Where can I find a good read about bicubic interpolation and Lanczos resampling? - algorithm

I want to implement the two above mentioned image resampling algorithms (bicubic and Lanczos) in C++. I know that there are dozens of existing implementations out there, but I still want to make my own. I want to make it partly because I want to understand how they work, and partly because I want to give them some capabilities not found in mainstream implementations (like configurable multi-CPU support and progress reporting).
I tried reading Wikipedia, but the stuff is a bit too dry for me. Perhaps there are some nicer explanations of these algorithms? I couldn't find anything either on SO or Google.
Added: Seems like nobody can give me a good link about these topics. Can anyone at least try to explain them here?

The basic operation principle of both algorithms is pretty simple. They're both convolution filters. A convolution filter that for each output value moves the convolution functions point of origin to be centered on the output and then multiplies all the values in the input with the value of the convolution function at that location and adds them together.
One property of convolution is that the integral of the output is the product of the integrals of the two input functions. If you consider the input and output images, then the integral means average brightness and if you want the brightness to remain the same the integral of the convolution function needs to add up to one.
One way how to understand them is to think of the convolution function as something that shows how much input pixels influence the output pixel depending on their distance.
Convolution functions are usually defined so that they are zero when the distance is larger than some value so that you don't have to consider every input value for every output value.
For lanczos interpolation the convolution function is based on the sinc(x) = sin(x*pi)/x function, but only the first few lobes are taken. Usually 3:
lanczos(x) = {
0 if abs(x) > 3,
1 if x == 0,
else sin(x*pi)/x
}
This function is called the filter kernel.
To resample with lanczos imagine you overlay the output and input over eachother, with points signifying where the pixel locations are. For each output pixel location you take a box +- 3 output pixels from that point. For every input pixel that lies in that box, calculate the value of the lanczos function at that location with the distance from the output location in output pixel coordinates as the parameter.

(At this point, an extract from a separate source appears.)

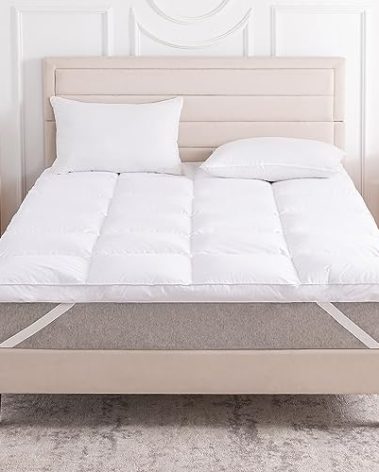 LeWinBedding 3 Inch White Goose Feather Mattress Topper,Queen Feather Bed Topper,Mattress Cover with Straps,Ultra Soft Pillowtop,100% Organic Cotton Fabric(60”x80”)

You then need to normalize the calculated values by scaling them so that they add up to 1. After that multiply each input pixel value with the corresponding scaling value and add the results together to get the value of the output pixel.
Because lanzos function has the separability property and, if you are resizing, the grid is regular, you can optimize this by doing the convolution horizontally and vertically separately and precalculate the vertical filters for each row and horizontal filters for each column.
Bicubic convolution is basically the same, with a different filter kernel function.
To get more detail, there's a pretty good and thorough explanation in the book Digital Image Processing, section 16.3.
Also, image_operations.cc and convolver.cc in skia have a pretty well commented implementation of lanczos interpolation.

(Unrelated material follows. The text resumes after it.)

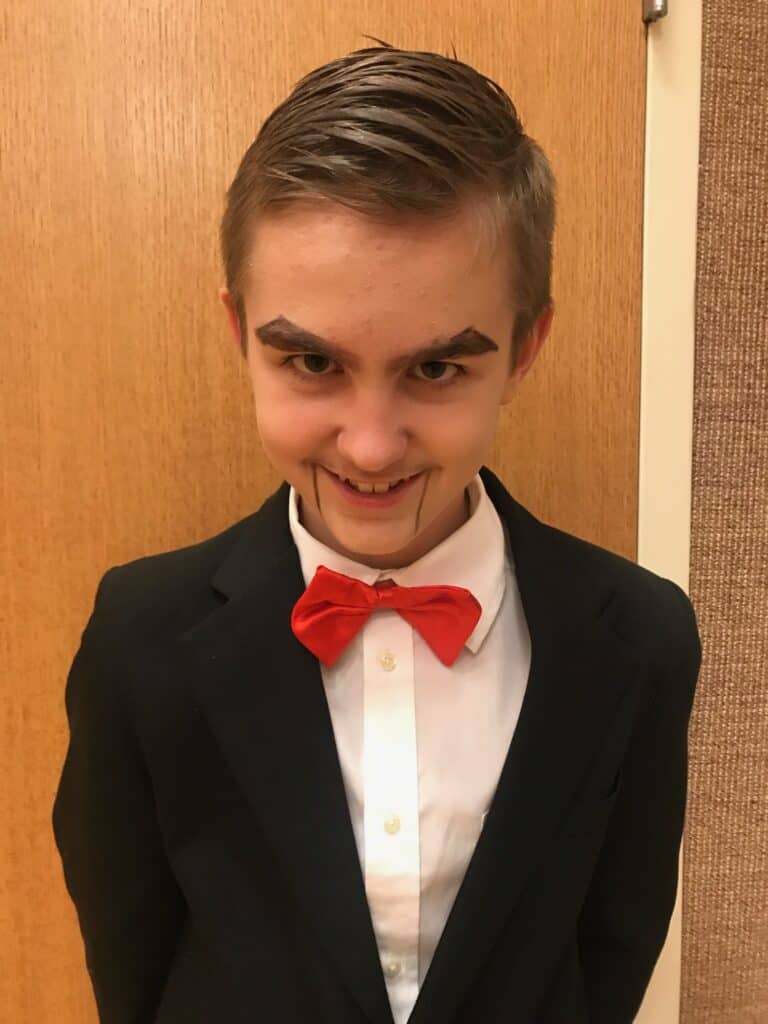 Tween boy as Slappy from Goosbumps for Halloween.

While what Ants Aasma says roughly describes the difference, I don't think it is particularly informative as to why you might do such a thing.
As far as links go, you are asking a very basic question in image processing, and any decent introductory textbook on the subject will describe this. If I remember correctly, Gonzales and Woods is decent on it, but I'm away from my books and can't check.
Now on to the particulars, it should help to think about what you are doing fundamentally. You have a square lattice of measurements that you want to interpolate new values for. In the simple case of upsampling, lets imagine you want a new measurement in between every one that you already have (e.g. double the resolution).
Now you won't get the "correct" value, because in general you don't have that information. So you have to estimate it. How to do this? A very simple way would be to linearly interpolate. Everyone knows how to do this with two points, you just draw a line between them, and read the new value off the line (in this case, at the half way point).
Now an image is two dimensional, so you really want to do this in both the left-right and up-down directions. Use the result for your estimate and voila you have "bilinear" interpolation.
The main problem with this is that it isn't very accurate, although it's better (and slower) than the "nearest neighbor" approach which is also very local and fast.
To address the first problem, you want something better than a linear fit of two points, you want to fit something to more data points (pixels), and something that can be nonlinear. A good trade off on accuracy and computational cost is something called a cubic spline. So this will give you a smooth fit line, and again you approximate your new "measurement" by the value it takes in the middle. Do this in both directions and you've got "bicubic" interpolation.
So that's more accurate, but still heavy. One way to address the speed issue is to use a convolution, which has the nice property that in the Fourier domain, it's just a multiplication, so we can implement it quite quickly. But you don't need to worry about the implementation to understand that the convolution result at any point is one function (your image) being integrated in product another, typically much smaller support (the part that is non-zero) function called the kernel), after that kernel has been centered over that particular point. In the discrete world, these are just sums of the products.
It turns out that you can design a convolution kernel that has properties quite like the cubic spline, and use that to get a fast "bicubic"
Lancsoz resampling is a similar thing, with slightly different properties in the kernel, which primarily means they will have different characteristic artifacts. You can look up the details of these kernel functions easily enough (I'm sure wikipedia has them, or any intro text). The implementations used in graphics programs tend to be highly optimized and sometimes have specialized assumptions which make them more efficient but less general.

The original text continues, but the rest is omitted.